For the record, Barack Obama requested that I forward this video to readers of this blog. I think he thought that the video would help allay concerns about his close, long-standing relationship with race-baiting Chicago preacher Jeremiah Wright. For me, it had the opposite effect. As I watched and listened, I was struck by Obama’s perfunctory, soulless resort to Clintonian word games:

“The statements that Rev. Wright made that are the cause of this controversy were not statements I personally heard him preach while I sat in the pews of Trinity or heard him utter in private conversation.”

How’s that, again? “Not statements I personally heard him preach while I sat in the pews or heard him utter in private conversation.” Talk about caveats. It all depends on the meaning of “is.” This guy ain’t a Harvard trained lawyer for nothing. In other words, “I may have been there when Wright preached those words, but I didn’t hear him when he did. And I probably heard others preach similar stuff, just not Wright. And I may have heard about Wright’s preaching from other parishioners, but Wright never personally told me those things in a private conversation.” I think I get the picture.

When Clinton misled us, he did it with heart. He really meant his lies. In contrast, Obama comes across as a sort of newcaster-android, dispassionately dissembling on the controversy as if he has nothing to do with it. Take and look and see what you think. Pay special attention to the eyes and the tone of voice:

Obama continues:

“When these statements first came to my attention, it was at the beginning of my presidential campaign. I made it clear at the time that I strongly condemned his comments. But because Rev. Wright was on the verge of retirement, and because of my strong links to the Trinity faith community, where I married my wife and where my daughters were baptized, I did not think it appropriate to leave the church.”

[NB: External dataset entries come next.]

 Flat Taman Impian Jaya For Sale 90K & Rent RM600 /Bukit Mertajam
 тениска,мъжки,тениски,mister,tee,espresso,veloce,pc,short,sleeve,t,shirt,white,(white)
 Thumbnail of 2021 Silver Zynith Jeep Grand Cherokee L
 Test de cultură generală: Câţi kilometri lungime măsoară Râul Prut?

Hold on, here! Am I the only one who never heard Obama “strongly condemn” Wright’s “comments”? And how are these mere “comments”? You can tell from the congregation’s reaction to Wright that this isn’t the first time they’ve heard such racist, hate-mongering drivel from the pulpit. This is a group of people who have imbibed deeply of Wright’s poisonous philosophy. Obama has been one of them for twenty years. And he didn’t just “marry his wife” there. Wright married them. And the Obama daughters were passively baptized at Trinity. Wright baptized them. Slick Willie liked to bill himself as the first black president. In Barack Obama, we may have the first black Slick Willie.

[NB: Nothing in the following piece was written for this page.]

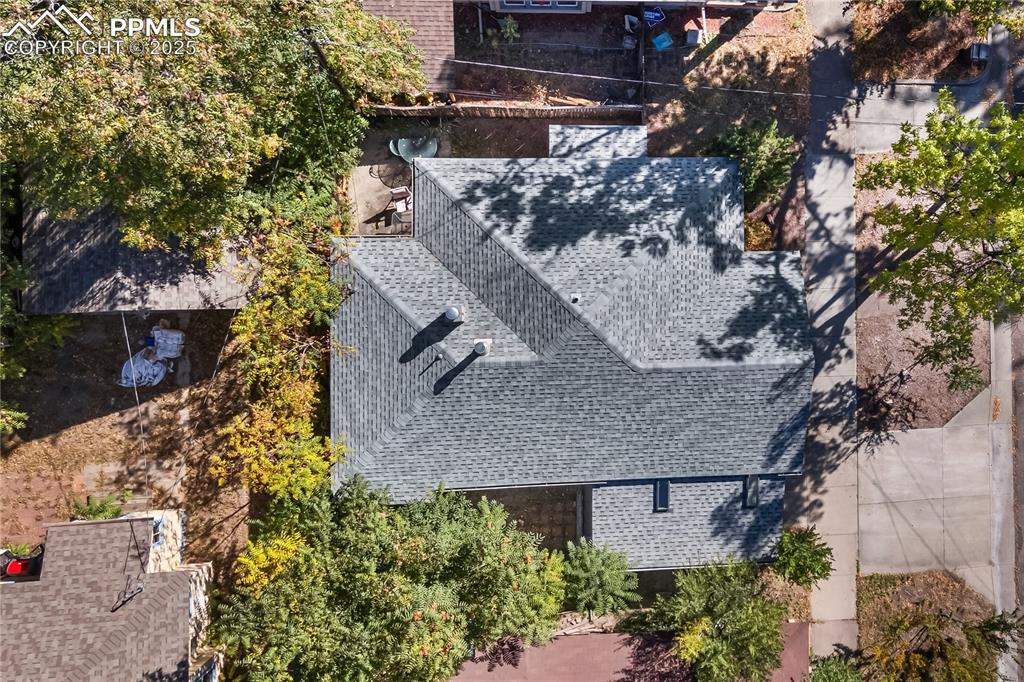 Image 2 of 27: Aerial View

{ 1 comment… read it below or add one }

Gravitas 03.18.08 at 11:56 pm

Two reasons Obama couldn’t tell us why he won’t distance himself from Rev. Wright:
1) Because he cannot say that he joined up with Wright’s church to get access to and credibility with a huge pool of black votes in Illinois. As large as Wright’s church is, the circles of influence emanating across the country into other black churches — and Wright is far from the only disciple of Black Liberation Theology in the country–serve up votes of hundreds of thousands of black voters that Obama has to have to win the race. Now that would not be a politically correct thing to announce, but that is 99% certain to be what brought him to Wright’s church to begin with. And why he hung in there for 20 years.
2)Because Obama agrees with Wright–no matter what he is saying in the interests of winning this election. Read up on his background, observe his campaigning for his Muslim terrorist first cousin in Kenya, and read what he said when he felt freer to say it: he calls Wright his “spiritual mentor”. If we think for a minute that Wright and Obama do not share views about things political, we are willfully blind.